Council planners had recommended the pooch palace be approved, but after howls of protest from 14 objectors and a deputation from the strata company of a nearby office block, commissioners Andrew Hammond and Gaye McMath weren’t convinced applicant Marian Gorman could keep her clients’ yapping to acceptable levels.
Ms Gorman had already finished some of the fit outs for Madame Ma’s Doggie Daycare, and was looking at installing sound-dampening panels, double-glazed windows, rubberised floors and a non-doggie buffer room.
She had a plan for barky dogs to get one-on-one time with staff to settle them down, with a final measure of sending relentlessly yappy dogs home if they just couldn’t hush. Ms Gorman, a mining engineer who looks after foster dogs when she’s not on site, says Madame Ma’s isn’t a kennel: “It’s a very high-class establishment targeting pampered pooches,” she said.
Giovanni Monaco chairs the strata company for a neighbouring office block and says apart from potential smells, noises and an eye-watering pink building, suits in the business district didn’t want to be confronted by dogs.
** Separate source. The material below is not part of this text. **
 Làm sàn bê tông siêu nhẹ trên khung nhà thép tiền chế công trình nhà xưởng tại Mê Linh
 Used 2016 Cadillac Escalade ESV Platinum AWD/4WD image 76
“It is hard to imagine a professional organisation wanting to look out of their window in the morning, during the day, and then in the afternoon when they are meeting with business leaders, only to then see dogs going in and out of that building, a building that is going to be painted a pink colour,” Mr Monaco said.
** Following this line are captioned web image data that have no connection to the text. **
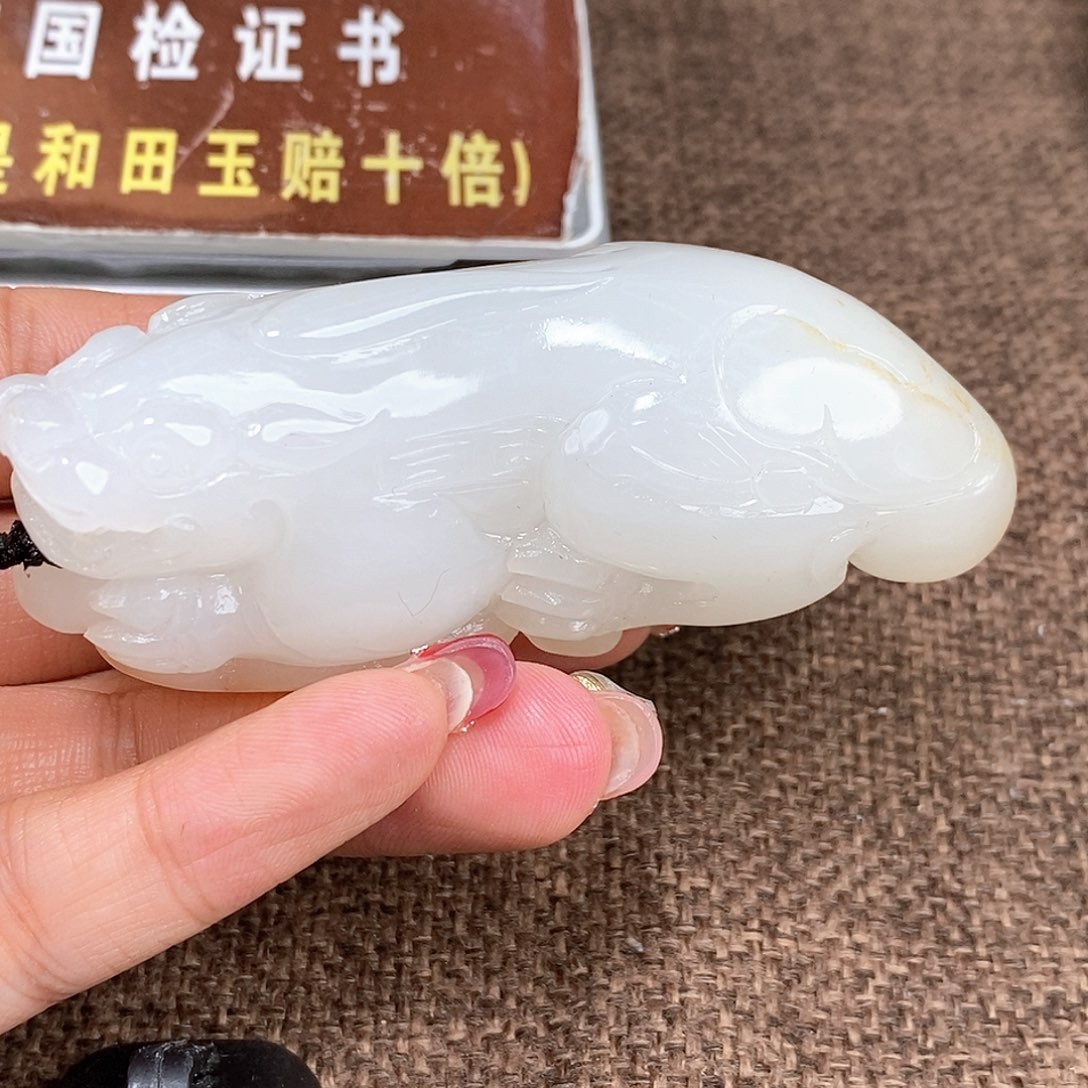 和田玉颈饰未镶嵌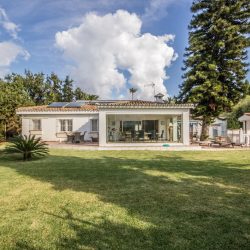 Villa in Elviria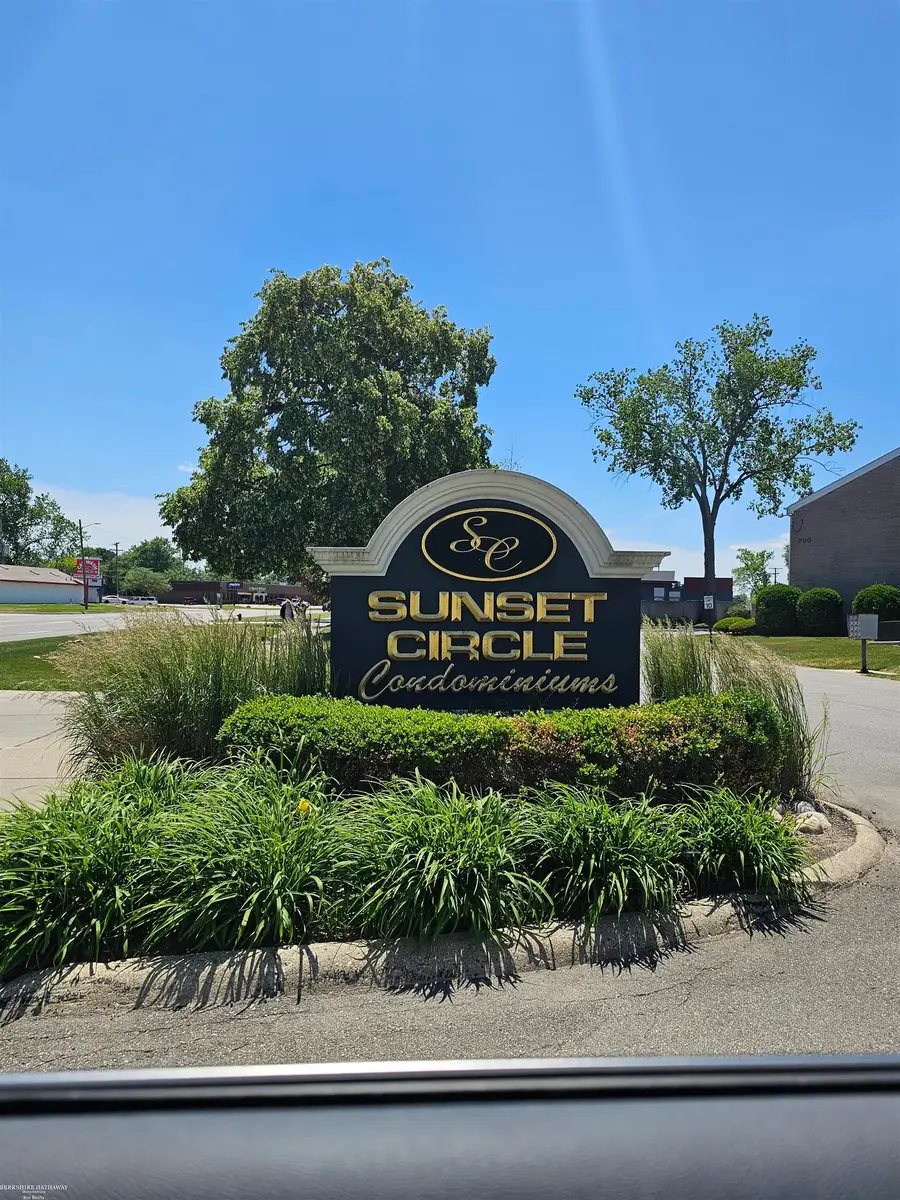 405 Sunset #34, Saint Clair Shores, MI 48082 - #2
”It will make it professionally untenable.”
He said it was already difficult to rent out office space and in a worst case scenario the dogs could lead to lower property prices and some businesses being forced into liquidation.
During the item, commissioners took the rare step of suspending standing orders to let the mum of a potential pooch minder speak.
“There’s three people waiting for jobs – three people that don’t have jobs right now that are going to be employed by this business,” Joanne Huggins said.
“One of those people is my daughter – and she hasn’t been employed full time for over two years.
“This is quite emotive for me, because I can see something very good being thrown out because of one person’s opinion about pink and noise.”